Welfare advocates are bemoaning this cut in benefits, saying that it will hurt mothers in states that provide low benefits. But if advocates want to give these women a real financial boost, they should admit that the current provision is all but meaningless. Instead, they should concentrate on giving mothers a real reason to help government collect child support.

Uncollected child support is a measure of our society's failure to respond to family breakdown. Only about 60 percent of all single mothers have orders of child support. Of these orders, only about half are fully paid. For a quarter of existing orders, no payments are made at all. For mothers on welfare, the figures are even more dismal.

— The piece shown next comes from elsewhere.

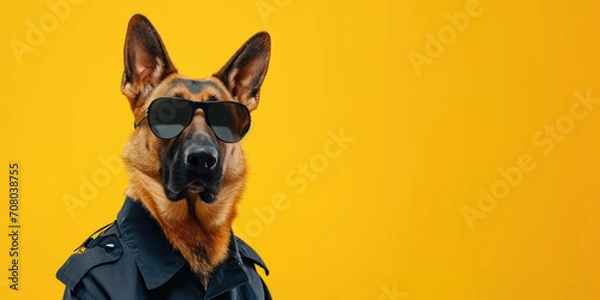 Obraz A German Shepherd, dressed as a security officer, stands confidently with sunglasses, offering wide banner space for text.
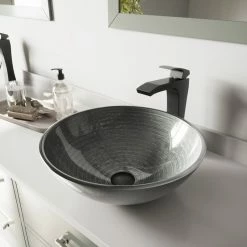 VIGO Simply Silver Glass Vessel Sink And Blackstonian Faucet Set, Matte Black 21 VIGO Simply Silver Glass Vessel Sink And Blackstonian Faucet Set, Matte Black -home bar shop 06a135660e9ed979 2913 w800 h800 b0 p0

Welfare law itself is a major reason why collections are so low. In a misguided effort to save taxpayer dollars, government had pocketed all but the first $50 collected from fathers with children on Aid to Families With Dependent Children. Moreover, if the mother had received the $50, her food stamp payments were reduced, so that her net gain was only about $35. And in any month when the father did not make a payment, she had to go through bureaucratic hoops to make sure that her food-stamp allocation went back up.

Thus it was relatively easy for an absent father to use small, under-the-table payments to discourage her from turning him in. After all, going to the authorities would only alienate a man with whom she may have had an ongoing relationship.

More important, she may have been greeted with hostility by friends and relatives who view child support as a "tax from city hall." In some inner-city neighborhoods, such support is called a "tax on black fathers."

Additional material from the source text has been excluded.